**Prompt**
Every line from the one containing "A hotel room" through the end of the listing below goes in the output, exactly and without pictures.

**Provided data**
Start of Block

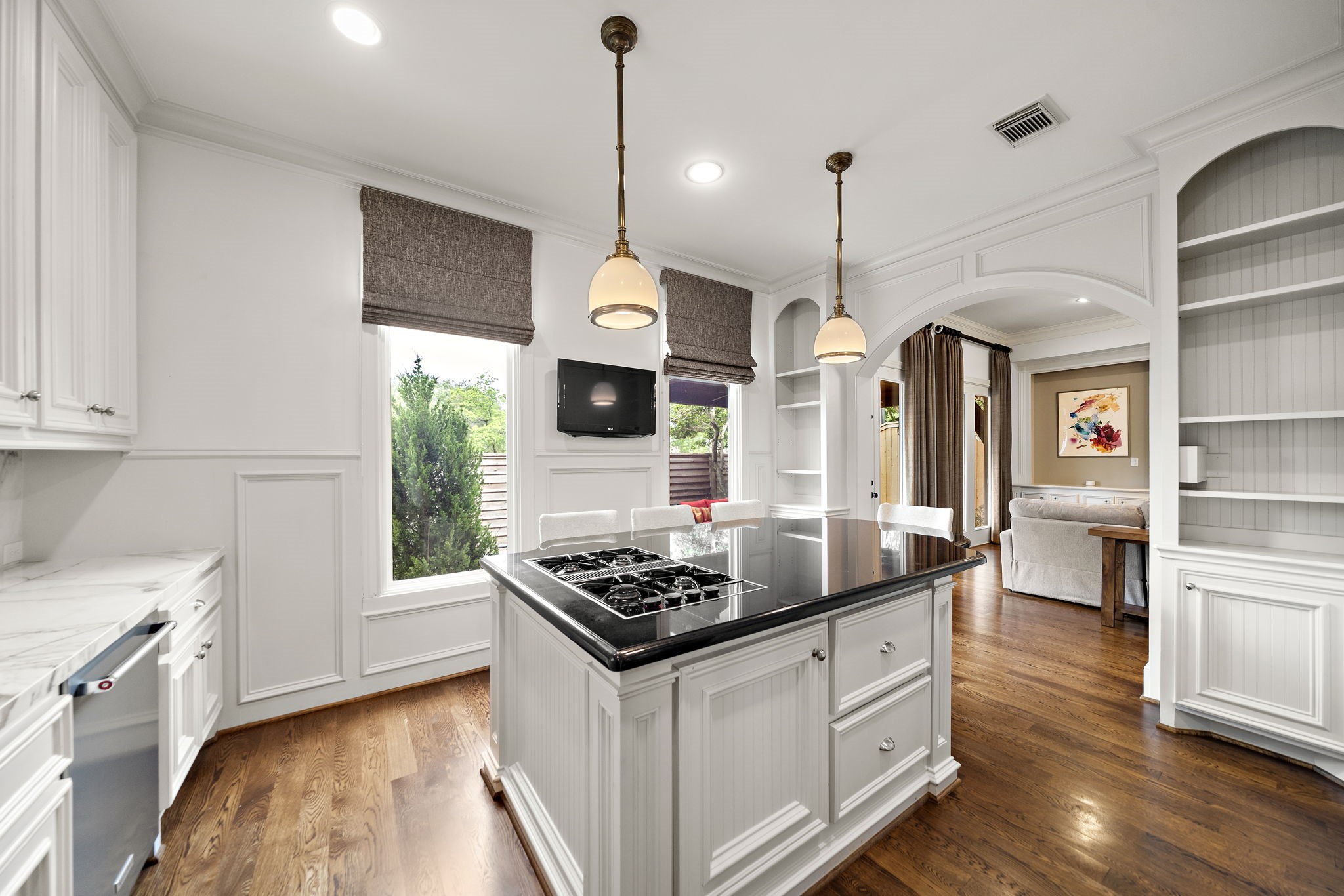 1229 Ripple Creek Drive Houston, TX 77057 - Photo 16 of 49 This kitchen features a spacious, open design with an island cooktop, elegant marble countertops, and hardwood floors. Ample natural light flows through large windows, and there's a seamless transition to the living area, highlighted by built-in shelving and classic pendant lighting.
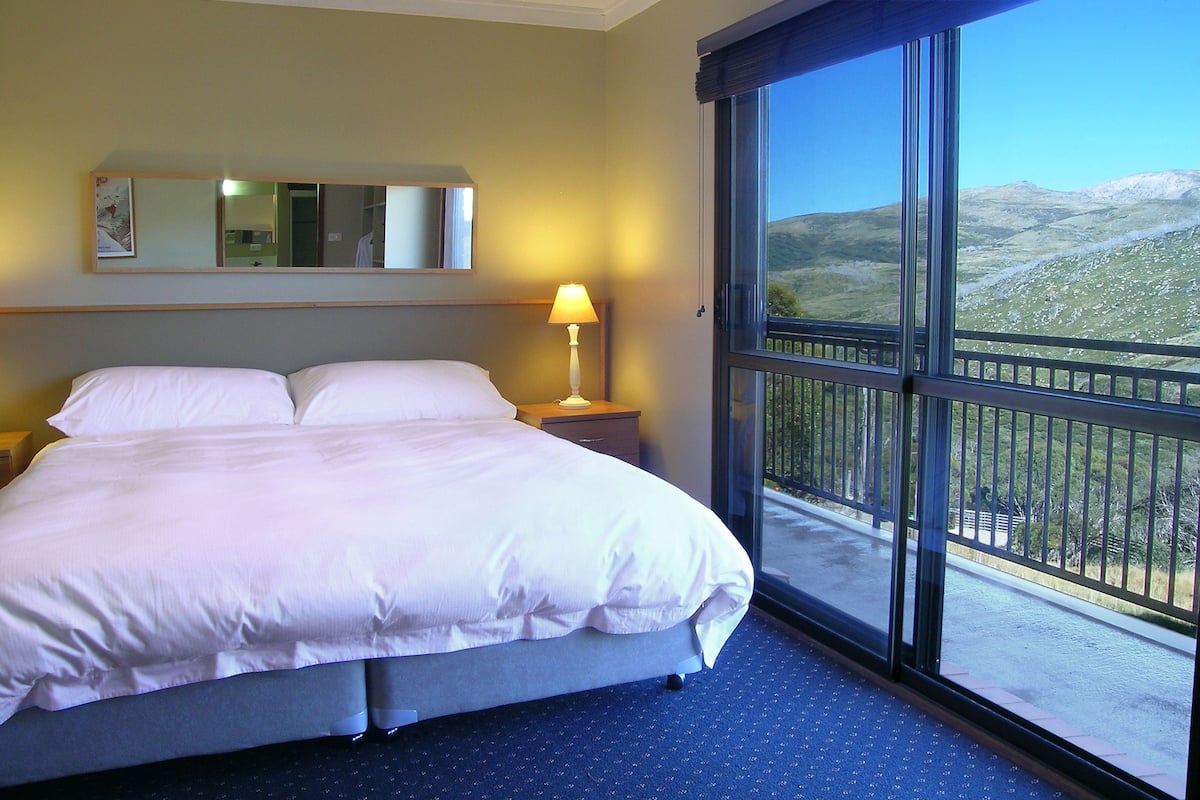 A hotel room with a large bed, a nightstand, a lamp, a mirror, and a balcony with a mountain view.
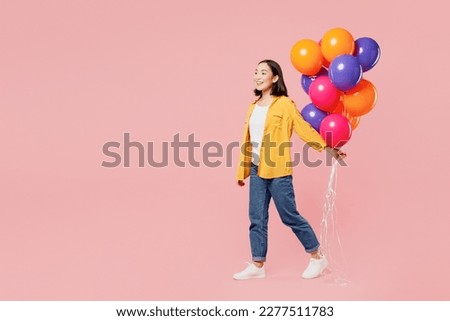 Full body side view young woman of Asian ethnicity wear yellow shirt white t-shirt hold bunch of colorful air balloons walk go isolated on plain pastel light pink background studio. Lifestyle concept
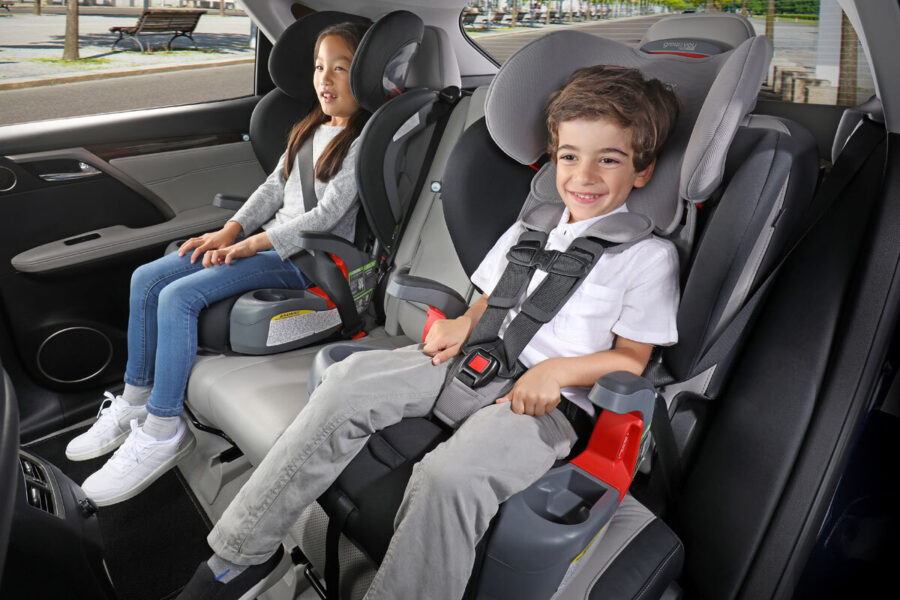 Two children in car seats. One is in a booster, the other is in a forward-facing car seat with a harness.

End of Block

**Answer area**
 A hotel room with a large bed, a nightstand, a lamp, a mirror, and a balcony with a mountain view.
 Full body side view young woman of Asian ethnicity wear yellow shirt white t-shirt hold bunch of colorful air balloons walk go isolated on plain pastel light pink background studio. Lifestyle concept
 Two children in car seats. One is in a booster, the other is in a forward-facing car seat with a harness.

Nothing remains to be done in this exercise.